Il y a des prévisions dont on espère qu’elles seront démenties par la réalité. Ce que nous avions prédit dans ces pages il y a une semaine (« Le déluge d’Al-Aqsa menace de balayer Gaza », Al-Quds al-Arabi, 10 octobre 2023) au quatrième jour de la nouvelle guerre de Gaza, est l’un de ces cas. Voici ce que nous avions prévu.

20 octobre 2023 | tiré de Viento sur

Depuis la création de l’État d’Israël, la droite sioniste rêve d’achever la Nakba de 1948 par une nouvelle expulsion massive des Palestiniens de toute la Palestine entre la mer et le fleuve, y compris la bande de Gaza. Il ne fait aucun doute qu’elle voit maintenant ce qui s’est passé samedi dernier comme une secousse qui leur permettra d’entraîner le reste de la société sioniste derrière elle pour mettre en œuvre leur rêve dans la bande de Gaza en premier lieu, en attendant l’occasion de le mettre en œuvre en Cisjordanie. La gravité de ce qui est arrivé à Israël samedi dernier pourrait réduire le rôle dissuasif de la prise d’otages du Hamas, contrairement à ce qui s’est passé lors des précédents cycles de confrontation entre le mouvement et l’État sioniste. Il est très probable que cette fois-ci, ce dernier ne se contentera de rien de moins qu’une destruction de la bande de Gaza au-delà de tout ce qui a été vu jusqu’à présent, afin de la réoccuper au coût humain israélien le plus bas possible et de provoquer le déplacement de la plupart de ses habitants vers le territoire égyptien, le tout sous prétexte d’éradiquer complètement le Hamas. Il est donc à craindre que les « inondations d’Al-Aqsa » finissent par balayer toute la bande de Gaza, tout comme le déluge naturel a balayé la ville libyenne de Derna il y a un mois, mais à une échelle beaucoup plus grande.

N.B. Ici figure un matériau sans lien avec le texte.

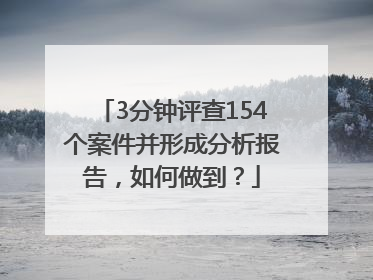 3分钟评查154个案件并形成分析报告，如何做到？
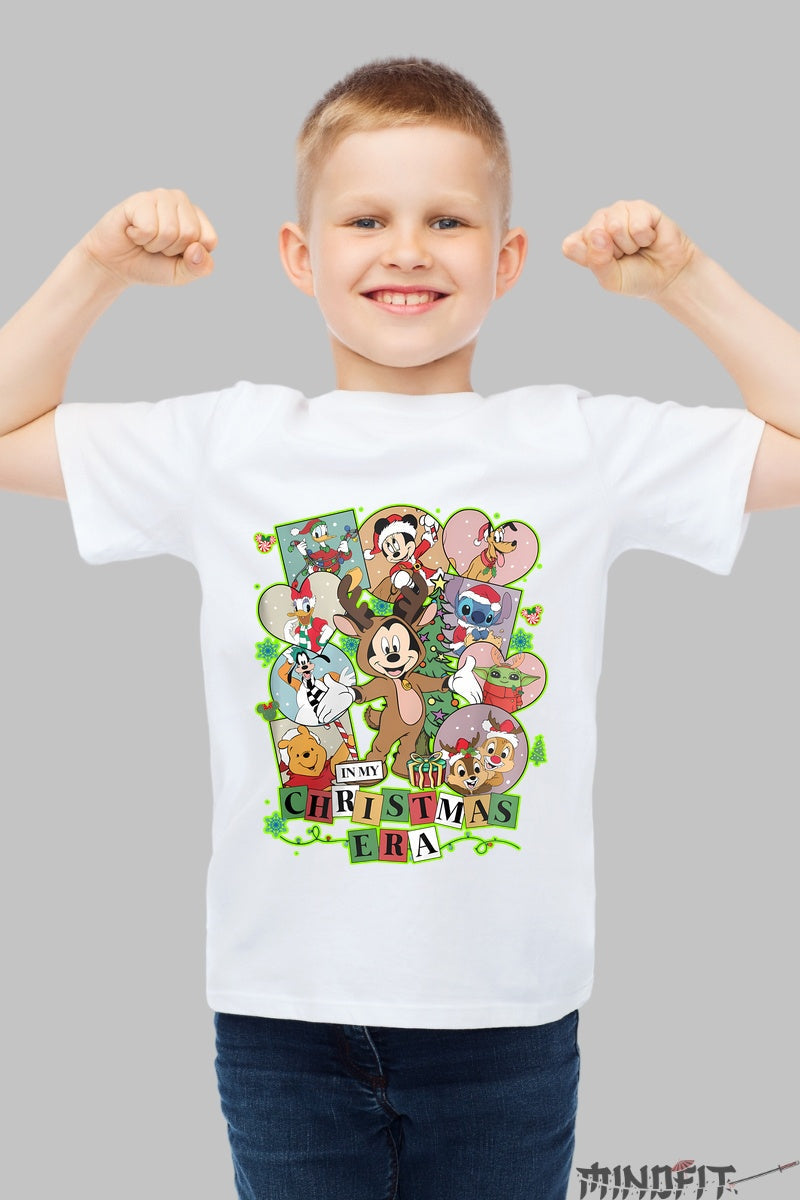 Tricou De Craciun Copii - Eroii Animati In Sarbatoare baiat alb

Malheureusement, le spectacle de la destruction de Gaza a déjà commencé à dépasser celui de ce que l’inondation naturelle a balayé à Derna. Ce qui est encore plus grave que la destruction de bâtiments, c’est que le nouveau massacre que l’armée d’occupation sioniste a commencé à perpétrer à Gaza a déjà dépassé en ampleur les précédents grands massacres qui ont été infligés au peuple de Palestine, alors que l’agression israélienne n’en est qu’à ses débuts et le nombre de personnes déplacées à l’intérieur de la bande de Gaza a déjà dépassé celui des personnes déplacées pendant la Nakba de 1948. L’armée sioniste est en train de détruire la bande de Gaza dans une mesure qui dépasse tout ce que nous avons vu jusqu’à présent.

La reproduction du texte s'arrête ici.